Per Cuba, le aspettative sono assai diverse. La parola transizione non esiste nel vocabolario dei suoi vertici politici. Il loro regime è il più democratico al mondo, dicono; la loro società la più giusta; il loro popolo il più felice. Poco importa che la realtà sia tutt’altra. Se così è, loro scopo è di ottenere che il disgelo con gli Stati Uniti abbatta una volta per tutte l’embargo e giovi a risollevare le sorti dell’economia cubana. Niente di più. Se per Obama il disgelo dovrebbe indebolire Castro, questi sogna di uscirne rafforzato. Nulla è in tale prospettiva più pregiato delle foto e dei sorrisi insieme a Obama, o il rispettoso silenzio del Papa in visita a Cuba sulla natura del regime. Ciò certifica che Cuba è tornata in famiglia, membro onorato dei forum latinoamericani, senza mutare nulla, senza nemmeno doversi privare del gusto di inviare felicitazioni a Pyeongyang per i successi ottenuti nella costruzione del socialismo.
Tali sono i confini del disgelo: i fini dell’uno, evocano i timori dell’altro; e viceversa. Più che a un vero e proprio disgelo, viene perciò da pensare a una svolta politica che traspone l’antica querelle su un piano politico nuovo. Il rischio di Obama è che invece di innescare una transizione pacifica a Cuba, la sua politica rafforzi il regime sul piano economico senza ottenere nulla in cambio. Molti repubblicani a Washington sono pronti a fargliela pagare ed è perciò importante che il presidente incassi alcuni successi sul fronte dei diritti umani e delle libertà civili; successi che però Castro non ritiene di dover concedere, tanto che la repressione a Cuba non s’è attenuata di un solo decibel.
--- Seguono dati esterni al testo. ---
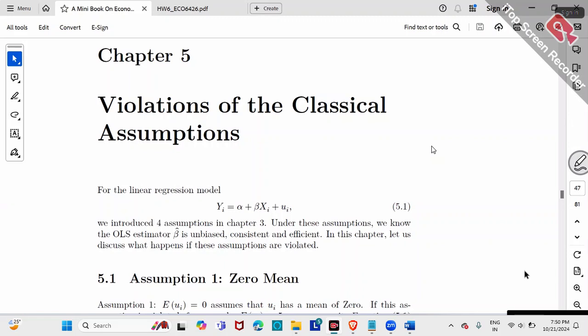Let's review our assumptions. Assumption one: E(ui) = 0, zero mean. Assumption two: variance of ui is constant sigma squared. Assumption three: ui and uj have zero covariance, zero correlation. Assumption four: xi and ui have zero correlation — basically our signal and noise have no relationship. Let's talk about all of them one by one.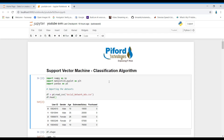Hi everyone, Lissaid Arohi from Pyfer Technologies. In today's video, I'll talk about the Support Vector Machine algorithm with practical examples. So let's start.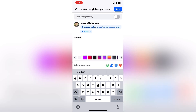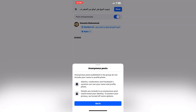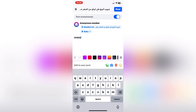Click on 'Write something' and complete your post. When you're done, turn on the first option which is 'Post Anonymously,' then click Post to submit. As you can see, our profile has turned into 'Anonymous Member.'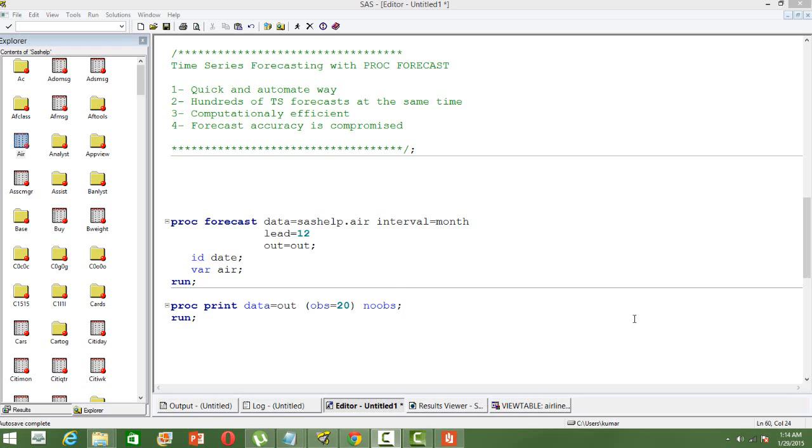The syntax for this is PROC FORECAST data. I am going to use the dataset air from the SAS help.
Ma rischi ne corre anche il regime dei Castro. Ciò che li attende è una difficile quadratura del cerchio, specie nell’imminenza della fine biologica della dinastia. Godere dei frutti del disgelo riuscendo a tenere salde in mano le briglie della macchina totalitaria e a bloccarne gli effetti liberalizzanti, potrebbe risultare impossibile. Cuba diventerebbe allora ancor più di quel che già è, una pentola a pressione sul punto di esplodere. Dinanzi al tradimento delle tante aspettative di miglioramento della vita dei cubani, il sogno di una transizione pacifica potrebbe allora svanire, lasciando aperte le porte al caos e alla violenza. Tutti ne uscirebbero allora sconfitti.